Another useful numerical representation for computers is hexadecimal representation. Hexadecimal representation is another pattern of numbers that represent a color value to the computer using a specific numbering pattern such as #FF5733, which is orange.
So what would be the decimal representation of:
0110 0111 or
0011 1111 ?
Tying it all together
How do you get the maximum and minimum values for integer data types based off the operating system in C? Use the equation below.
Unsigned data types:
int max = pow(2, number of bits assigned to data types) — 1;
Signed data types:
int min = (pow(2, number of bits assigned to data types) / 2) * -1;
int max = (pow(2, number of bits assigned to data types) / 2) — 1;
Let’s use the
unsigned short int data type with a max range of
65,535. We can find it two ways. The easiest way would be using the equation above. To find the max value for the unsigned integer data type, we take 2 to the power of 16 and substract by 1, which would is
65,535. We get the number 16 from taking the number of bytes that assigned to the
unsigned short int data type (2) and multiple it by the number of bits assigned to each byte (8) and get 16.
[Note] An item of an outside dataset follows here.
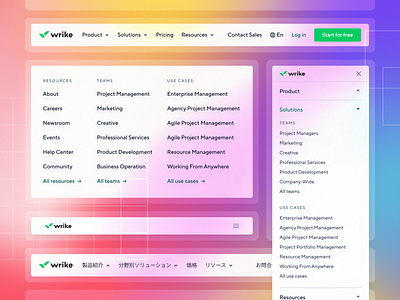 Wrike Website Header — Adaptive layouts clean colorful design header ui ux web webdesign website wrike wrikedesign wriketeam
Another way of finding out the maximum value for the
unsigned short int data type in C is using binary representation. We know that there are 16 bits in the
unsigned short int data type from the example above. If we put that into the base 2, binary representation, it would look something like this.
1111 1111 1111 1111
In decimal notation, that would be (1 + 2 + 4 + 8) +(16 + 32 + 64 + 128) + (256 + 512 + 1024 + 2048) + (4096 + 8192 + 16384 + 32768) which is
The way we represent a
signed short int is different than the way we represent a
unsigned short int. We have to take into account that
unsigned short ints are only positive numbers. When use binary representation for positive numbers, each bit that is a 1 is added to the decimal value representation.
When we want to use a
signed data types using binary representation, if the first bit is 0, the number is positive and if the first bit is 1, the number is negative, but we count the numbers differently.
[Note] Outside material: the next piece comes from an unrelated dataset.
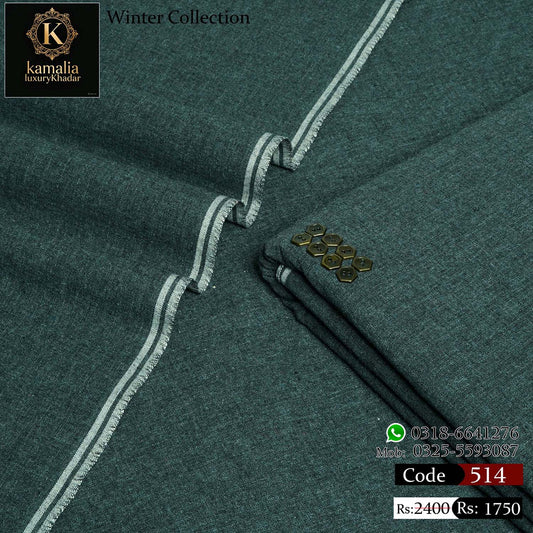 Kamalia Luxury Khaddar Handmade – Dark Green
We count negative numbers differently. Instead of starting with all 0’s and count the 1’s, we start with all 1’s and count the 0’s starting at the -1. Take a look at this
signed short int example above:
1000 0000 0000 0000
This example above is -1 +
-32,767 , which is
-32,768in decimal notation and is the minimum value for
signed short int data types. Again, negatives for signed data types start with all 1’s and count the 0’s. Look at the example below.
1111 1111 1111 1100
The example above is -4 in decimal notation. Now you know how to find the maximum and minimum values in binary notation the values of unsigned and signed data types.
32-bit vs. 64-bit processors
There are two fundamentally different architectures manufactures of computer processors use, 32-bit and 64-bit. If you’d like to read more on the applicable differences between the two, read this article by Jon Martindale.
“The number of bits in a processor refers to the size of the data types that it handles and the size of its registry. Simply put, a 64-bit processor is more capable than a 32-bit processor because it can handle more data at once. A 64-bit processor is capable of storing more computational values, including memory addresses, which means it’s able to access over four billion times as much physical memory than a 32-bit processor. That’s just as big as it sounds. 64-bit processors are to 32-bit processors what the automobile is to the horse-drawn buggy.”
Depending on what OS you are running your program on, the C language assigns different bytes to different data types. Compile and run the executable file from this file. It will print out something like this:
This shows that there are different byte assignments to data types that run on 32-bit processors vs 64-bit processors.